Finishing second at the British GP, the home driver showcases his superstar potential with Hollywood royalty watching on
For the boy in the luminous bucket hat, an achievement straight from the bucket list. This may not have been an afternoon of high sporting cinema, even if the presence of Brad Pitt and his phalanx of film crew members ramped up the glamour, but Lando Norris had the ending he wanted. Second place, with a stylish drive to boot, was some way to reaffirm his place in the Silverstone crowd’s affections and heighten the sense that he is almost ready to be this venue’s darling for the next decade or more. The wins will surely follow; this time, a revelatory weekend’s work from Norris and a buoyant McLaren did not feel too far short.

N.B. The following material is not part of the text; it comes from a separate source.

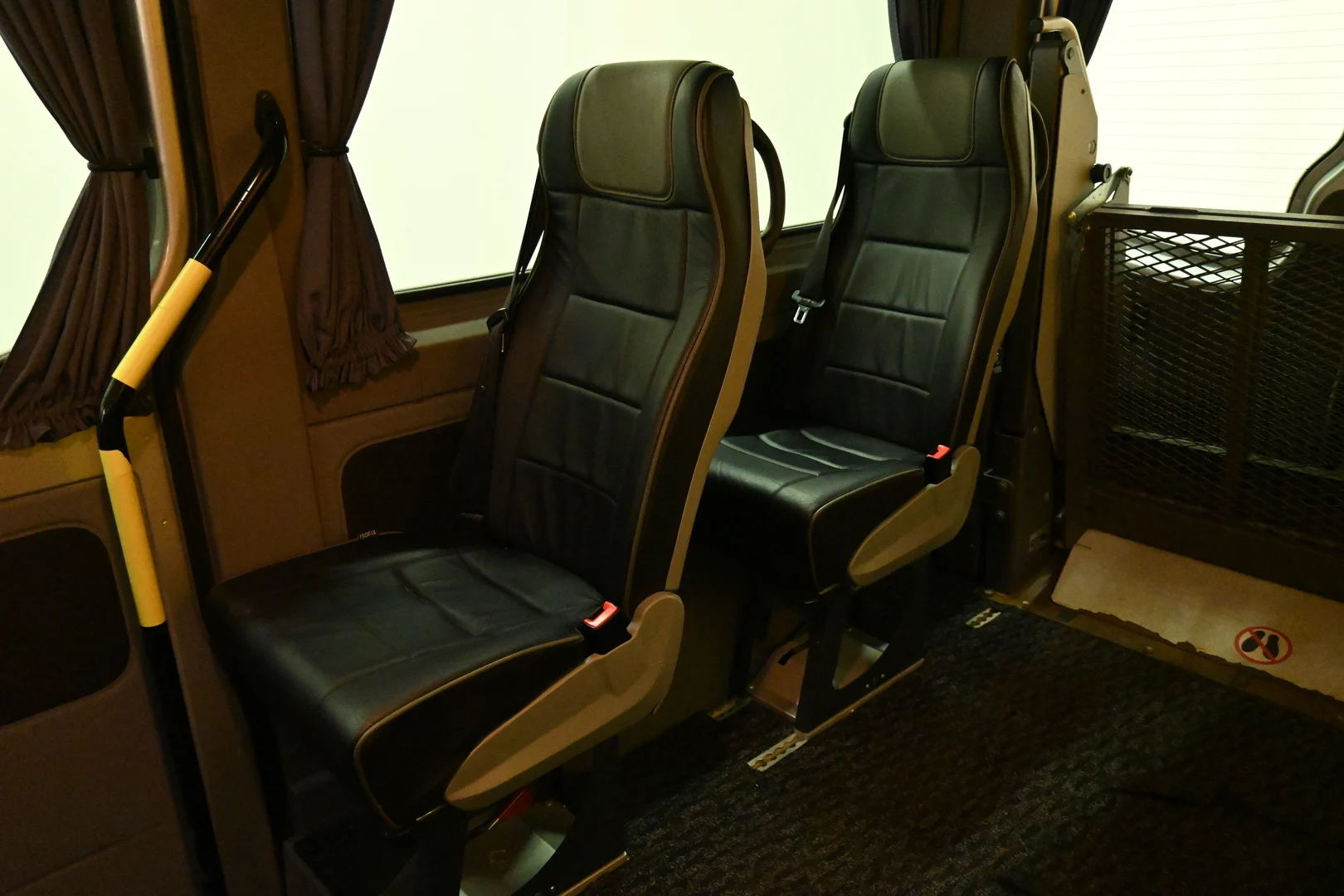 Car Image - 1TfU50dC9kNjsApeJquotR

In the context of what, for the rest of this season at least, is inevitable domination from Max Verstappen this was a wider triumph for British racing too. Two local drivers had not stood together on the podium since 1999, when David Coulthard and Eddie Irvine formed a one-two. Norris was joined by his idol, Lewis Hamilton: a tantalising battle between the pair around lap 40 briefly offered the kind of neck-and-neck tussle, not to mention narrative, for which record numbers had flocked expectantly to the circuit since Thursday. Netflix may have cornered the market for soap opera, but Silverstone can still deliver the racing.